Does your ssl.cert have the intermediate certificates in it?
On 2012-05-08 14:17, Markus Fritz wrote:
Hello,
the error is still present: May 8 19:47:18 opsys dovecot: imap-login: Disconnected (no auth attempts): rip=82.113.119.140, lip=78.46.216.126
Whenever I start a session with openssl to STARTTTL (Server: mail.opsys.de) the handshake is successfull. Also I am able to login to my account via 1 login. In Thunderbird port 993 for SSL/TLS works correct, only STARTTLS on port 143 isn't working properly.
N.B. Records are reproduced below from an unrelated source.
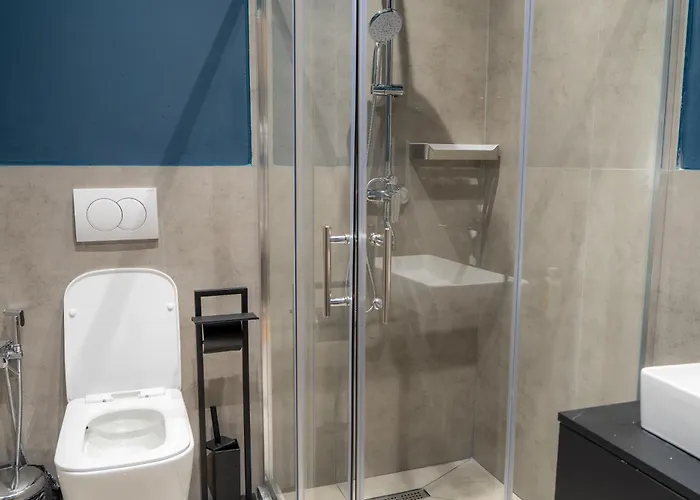 The Red Tile - Sweet Escape *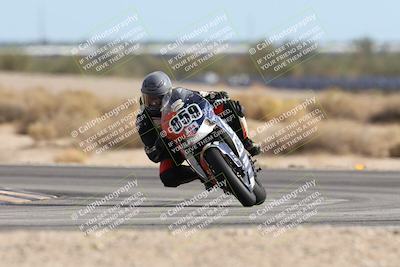 media/Nov-16-2025-Race Pace (Sun) [[8c5fa54630]]/Verified Riders/9-Turn 16 (150pm)/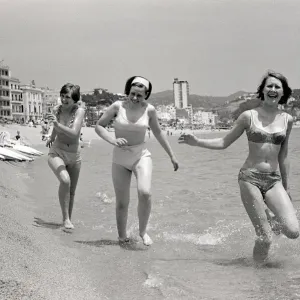 British People Abroard Holidaymakers June 1965 *** Local British People Abroard Holidaymakers June 1965 *** Local
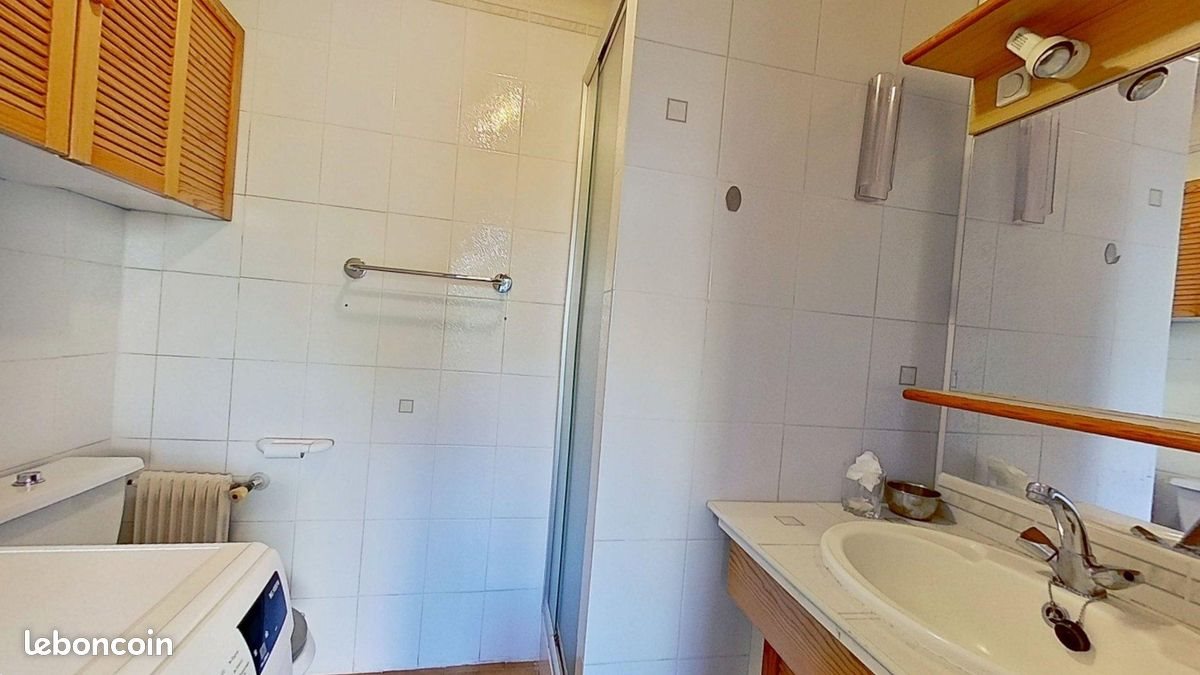 Appartement à louer, 19m², Cannes-la-Bocca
The cert is Class 1 and signed by StartCom Ltd.. Dovecot.conf (for viewable reasons of this mail pasted): http://pastie.org/private/bmrymyuo16ohzxdahf0nq And here openssl output: http://pastie.org/private/3rpgll2s7hblev9ozpcq8w Note the 'Verify return code: 21 (unable to verify the first certificate)' in the output...
Thanks for helping, I am working on this problem since 3 days.
Kind regards
Markus Fritz
-----BEGIN PGP SIGNED MESSAGE----- Hash: SHA1
I'm just learning about this, but I was able to get it working recently. Also I haven't read your earlier posts.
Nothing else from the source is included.